The Financial Times has said the final cost of two state-of-the-art carriers being built by BAE Systems could reach £4bn.
A Ministry of Defence spokesman admitted the final cost of the project could be higher than originally thought.
But he said it would not be known for certain until spring 2004, when the designs had been finalised.
"We are in the middle of an assessment phase," he told BBC News Online.
He also played down the FT's claim that the carriers would have to be simplified and shrunk to meet budget restrictions.
"The various options don't necessarily mean a smaller aircraft carrier."
Lead contractor BAE Systems hit back at the FT's claim that it could not build the two ships to the original budget.
"We have never given a firm price," said a BAE spokesman.

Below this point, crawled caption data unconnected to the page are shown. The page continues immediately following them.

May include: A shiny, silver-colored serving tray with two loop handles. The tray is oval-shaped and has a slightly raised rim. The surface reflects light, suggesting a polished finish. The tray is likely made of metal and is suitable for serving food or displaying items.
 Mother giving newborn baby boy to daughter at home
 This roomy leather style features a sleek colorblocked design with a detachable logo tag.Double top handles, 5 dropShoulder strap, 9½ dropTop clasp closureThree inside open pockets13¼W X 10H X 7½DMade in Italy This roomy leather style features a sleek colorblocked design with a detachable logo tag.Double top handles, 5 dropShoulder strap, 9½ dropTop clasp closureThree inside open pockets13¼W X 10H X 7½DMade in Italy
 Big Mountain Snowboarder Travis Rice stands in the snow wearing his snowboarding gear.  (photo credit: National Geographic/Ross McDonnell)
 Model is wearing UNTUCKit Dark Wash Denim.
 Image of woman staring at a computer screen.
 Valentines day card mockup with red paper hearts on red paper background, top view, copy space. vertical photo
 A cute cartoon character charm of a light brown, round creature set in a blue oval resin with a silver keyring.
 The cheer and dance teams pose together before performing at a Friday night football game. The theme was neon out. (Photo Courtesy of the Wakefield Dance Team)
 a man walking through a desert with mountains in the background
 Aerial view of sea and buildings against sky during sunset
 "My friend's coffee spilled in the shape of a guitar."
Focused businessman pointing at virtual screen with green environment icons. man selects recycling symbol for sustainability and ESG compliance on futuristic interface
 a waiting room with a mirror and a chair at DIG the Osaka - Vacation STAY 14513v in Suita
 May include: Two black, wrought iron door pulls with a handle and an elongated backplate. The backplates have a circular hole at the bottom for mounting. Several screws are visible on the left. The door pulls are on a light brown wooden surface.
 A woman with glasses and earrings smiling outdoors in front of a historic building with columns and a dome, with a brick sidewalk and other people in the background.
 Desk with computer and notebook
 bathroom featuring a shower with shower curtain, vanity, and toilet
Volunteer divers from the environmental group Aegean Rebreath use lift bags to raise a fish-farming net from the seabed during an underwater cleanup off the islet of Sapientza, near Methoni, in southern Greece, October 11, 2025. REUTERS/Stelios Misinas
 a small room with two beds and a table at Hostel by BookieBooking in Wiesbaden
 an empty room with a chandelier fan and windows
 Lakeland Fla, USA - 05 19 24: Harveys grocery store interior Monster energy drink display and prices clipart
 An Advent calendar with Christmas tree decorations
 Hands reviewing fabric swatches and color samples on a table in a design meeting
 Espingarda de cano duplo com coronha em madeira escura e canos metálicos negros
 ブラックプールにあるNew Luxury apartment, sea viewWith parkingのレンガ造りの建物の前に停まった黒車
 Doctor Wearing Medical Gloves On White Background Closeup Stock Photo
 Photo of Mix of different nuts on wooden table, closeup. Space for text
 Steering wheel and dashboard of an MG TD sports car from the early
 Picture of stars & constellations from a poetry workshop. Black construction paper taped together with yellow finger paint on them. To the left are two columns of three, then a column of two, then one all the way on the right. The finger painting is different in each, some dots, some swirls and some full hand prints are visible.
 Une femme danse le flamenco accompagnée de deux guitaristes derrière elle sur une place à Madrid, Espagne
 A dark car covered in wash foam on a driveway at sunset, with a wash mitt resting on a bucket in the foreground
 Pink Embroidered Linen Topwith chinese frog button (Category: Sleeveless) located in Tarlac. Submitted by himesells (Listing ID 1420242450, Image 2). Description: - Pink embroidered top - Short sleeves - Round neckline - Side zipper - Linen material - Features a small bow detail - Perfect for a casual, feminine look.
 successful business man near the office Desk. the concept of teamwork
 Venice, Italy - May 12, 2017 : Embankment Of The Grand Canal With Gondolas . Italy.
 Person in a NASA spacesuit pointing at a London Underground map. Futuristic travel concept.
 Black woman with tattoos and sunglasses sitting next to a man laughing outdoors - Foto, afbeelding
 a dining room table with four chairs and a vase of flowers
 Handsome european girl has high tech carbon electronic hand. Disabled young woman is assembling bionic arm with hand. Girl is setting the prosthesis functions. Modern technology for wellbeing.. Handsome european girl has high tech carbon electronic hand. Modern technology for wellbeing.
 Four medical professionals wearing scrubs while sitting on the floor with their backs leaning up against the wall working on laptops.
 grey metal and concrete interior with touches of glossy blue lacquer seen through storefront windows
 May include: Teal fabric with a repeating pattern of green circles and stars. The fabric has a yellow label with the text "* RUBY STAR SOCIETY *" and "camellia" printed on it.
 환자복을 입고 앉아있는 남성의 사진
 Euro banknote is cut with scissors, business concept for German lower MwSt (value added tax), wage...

"There have been lots of figures flying around, but they are only rough estimates."
BAE has been stung by criticism in the past for cost overruns on defence projects.
Earlier this year, the government was forced to pay £700m to bail BAE out after cost overruns on the Nimrod maritime patrol aircraft.
The UK defence giant was awarded the lead role on the carrier project after a battle with French contractor Thales.
The two companies have since formed a 300-strong project team to assess the requirements of the Royal Navy and put a final cost on the proposal.
At the time, analysts warned the government's decision to select the larger Thales design in preference to BAE's could cause complications.
According to the Financial Times, quoting an MoD source, the Royal Navy may have to accept a smaller design if it wants to stay within the initial budget estimates.
Originally the plan was for the warships to carry 48 aircraft, the FT said, yet smaller ships could carry only 20.
The paper added that the MoD is concerned that a reduction in the size of the aircraft carriers would limit their effectiveness and ability to "project power".
It said the decision could also affect Britain's commitment to the F-35 Joint Strike Fighter, a linked programme with the US, which are planned to be carried on the carriers.
Prime Minister Tony Blair is this week expected to push for greater UK access to US military secrets, potentially clearing the way for a merger between BAE and a US defence giant.